Tuesday, June 5, 2012

Get A Little Mud On The Tires

“…I’ve got the perfect place in mind.  It’s in the middle of nowhere. Only way to get there. You got to get a little mud on the tires…” Brad Paisley Mud On The Tires

I just walked next door to Captain Eddie’s and got a little nostalgic as I looked around. I remember when there was a Fleet gas station where my car lot is now. I’ve been working in this area for decades. I was with Brad and Danny Williams in the early 90’s. There is a CVS where our lot was then. In 1997, My brother Jeff and I started a lot where Landmark is now. In 2005, I started selling real estate with Steve Adams at Re/Max Westside. Our office was just a block down the road.
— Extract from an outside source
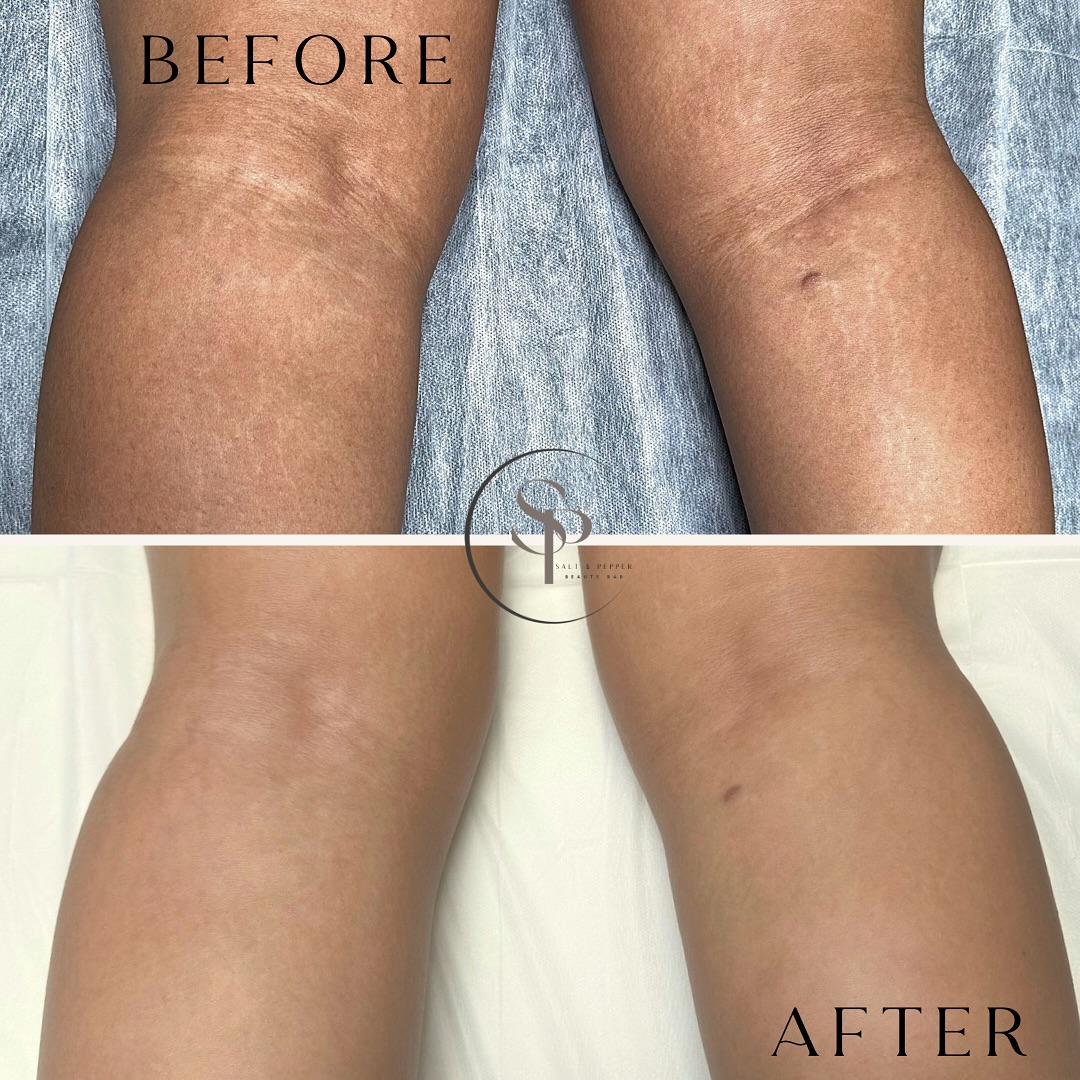 Salt & Pepper Beauty Bar Facebook ad: � Bye-bye, white stretch marks!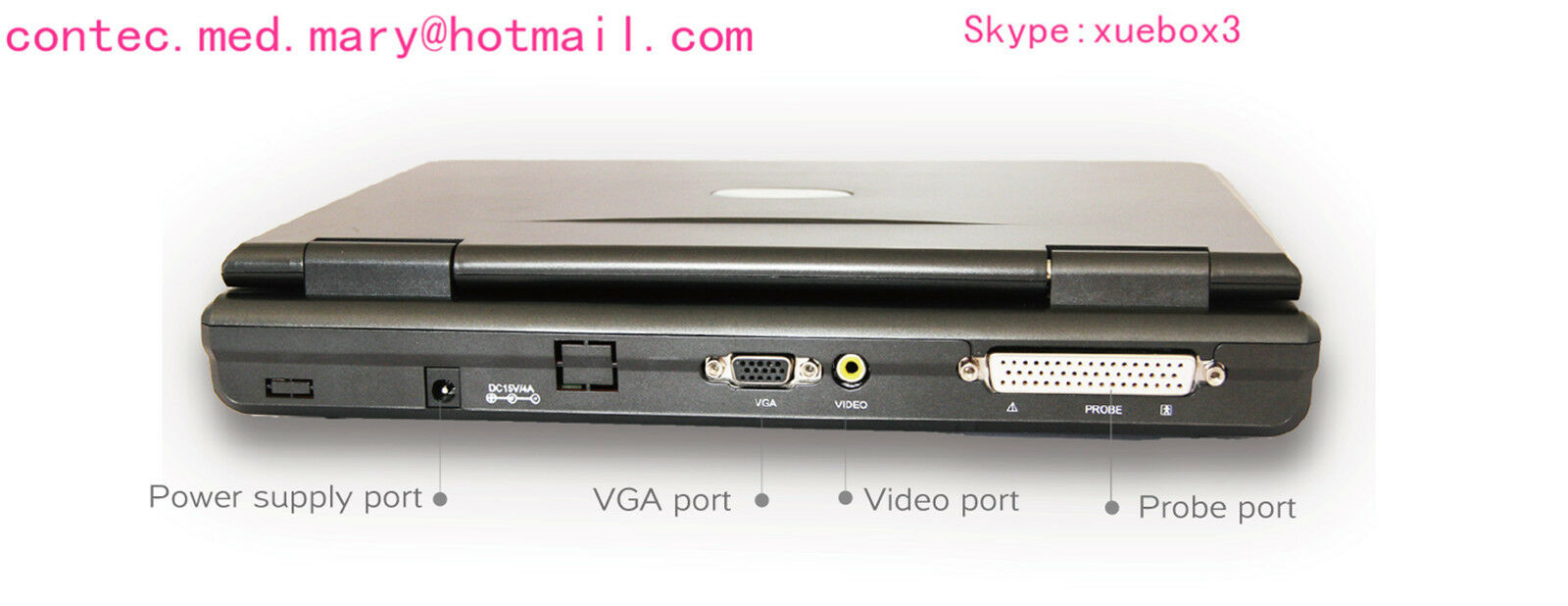 Portable laptop machine, Digital Ultrasound scanner, 3.5M Convex probe,US FedEx  658126883672 DIAGNOSTIC ULTRASOUND MACHINES FOR SALE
In 2009, Doug and I started Landmark Auto.  All of this has taken place right here near latitude 33.9 and longitude 84.7; better known as Charles Hardy Parkway and Atlanta Hwy.
When I was a lot younger, working at American Tire in Smyrna, I bought a 1959 Ford truck from Tommy Rakestraw. It was a beast of a truck. The oil that didn’t burn would leak out in a month. It smoked and chugged, but I liked it. That was thirty years ago. I was 18. Robert Farmer and I would take turns driving from Powder Springs to the tire store. He didn’t like riding in the old Ford. It had a complete round of play in the steering wheel. Fortunately, it pulled hard to the right so all I had to do to keep it in the road was to keep a constant pull left on the wheel. It was dangerous, but if you had good coordination, you could get it up to 55 or so safely.
I decided to try to find a steering sector for it. I called around the junkyards until I finally found Auto Parts Recycled in Dallas. Ernie Simmons answered the phone and said that he didn’t have one, but his manager, Ken Zeal might have one at home. Turns out, Mr. Zeal was restoring a truck like mine at home and he had some spare parts. I met Ken and picked up the steering sector and we hit it off right away. “What do you do?” He asked.
“Right now I work at American Tire in Smyrna, but I like to keep my options open.” I said.
I originally started in Smyrna, nearly a year earlier. At that time I was working at Tire Town with Ricky and Allen Myres. On one delivery to American Tire, I met Slade Jones and Tony Eubanks and applied for a job there. They hired me on the spot. American Tire was a big move up from Tire Town. And Slade and Tony let me keep a car for sale out on the grass right there on busy, South Cobb Drive.
Ken asked me if I would like a job pulling parts. I don’t know why that appealed to me so much more than tires, but I knew I would gain experience at Auto Parts Recycled. Just how much I gained has blown my mind over the many years since that decision. Just about thirty years ago, I drove out here to Dallas and sat down with Ken Zeal at Auto Parts Recycled. They hired me and I began pulling parts. I bought more tools and quickly moved up to management and moved into the dismantle shop. Where the shop once sat is a muddy tract of land, roughly 400 feet from where I am right now.
I used to get so muddy out at Auto Parts Recycled that I would have to throw clothes away. They were red with mud. The boots I wore were black. When I left that job, I was about to toss them when Daddy said, “Don’t throw them boots away. I want to hang them out there in the shop and when you get older, and have a nice office, I want you to put those muddy boots on display so you can remember where you started.”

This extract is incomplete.